/---

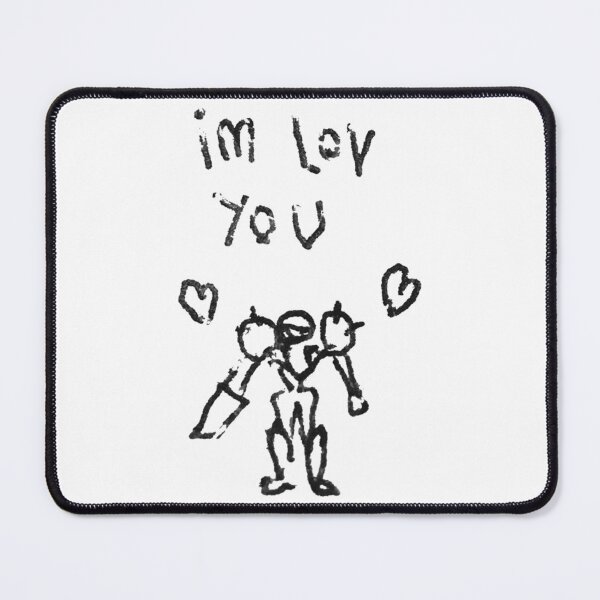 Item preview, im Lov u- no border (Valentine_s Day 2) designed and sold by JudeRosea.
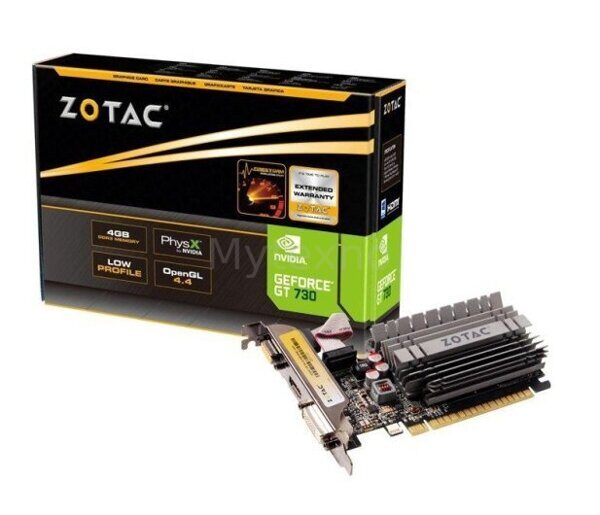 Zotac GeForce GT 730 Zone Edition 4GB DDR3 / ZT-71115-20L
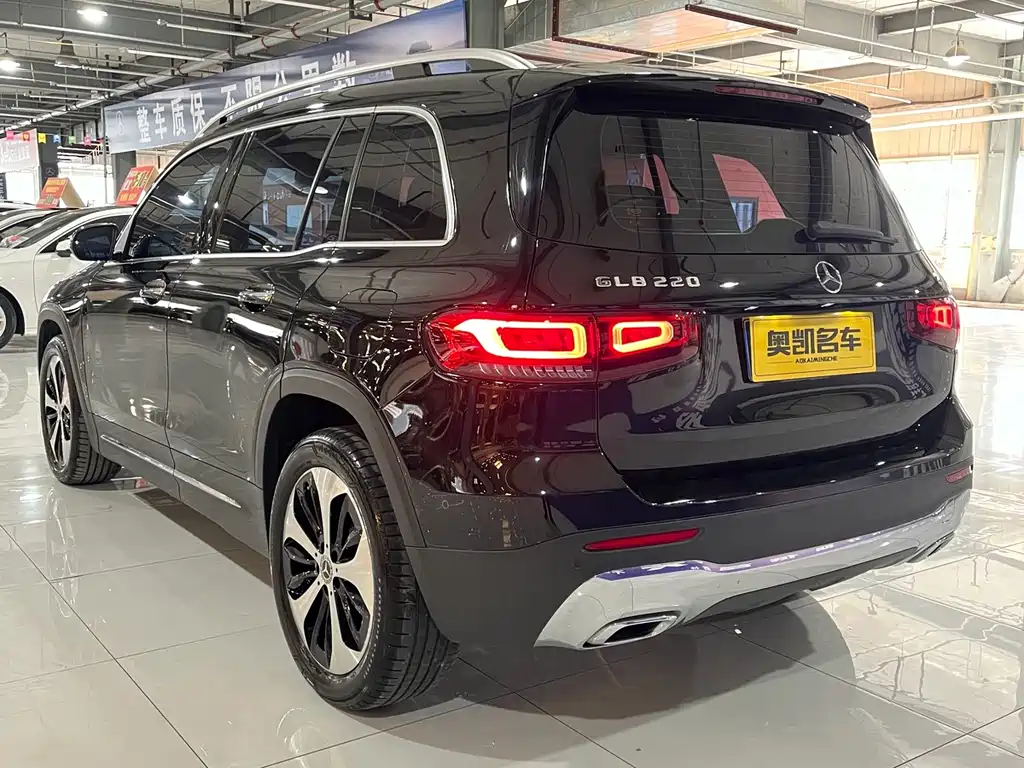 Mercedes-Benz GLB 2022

\---

TASK PROMPT:
The answer should consist of every line above, exact and free of images.

WRITTEN ANSWER:
 Item preview, im Lov u- no border (Valentine_s Day 2) designed and sold by JudeRosea.
 Zotac GeForce GT 730 Zone Edition 4GB DDR3 / ZT-71115-20L
 Mercedes-Benz GLB 2022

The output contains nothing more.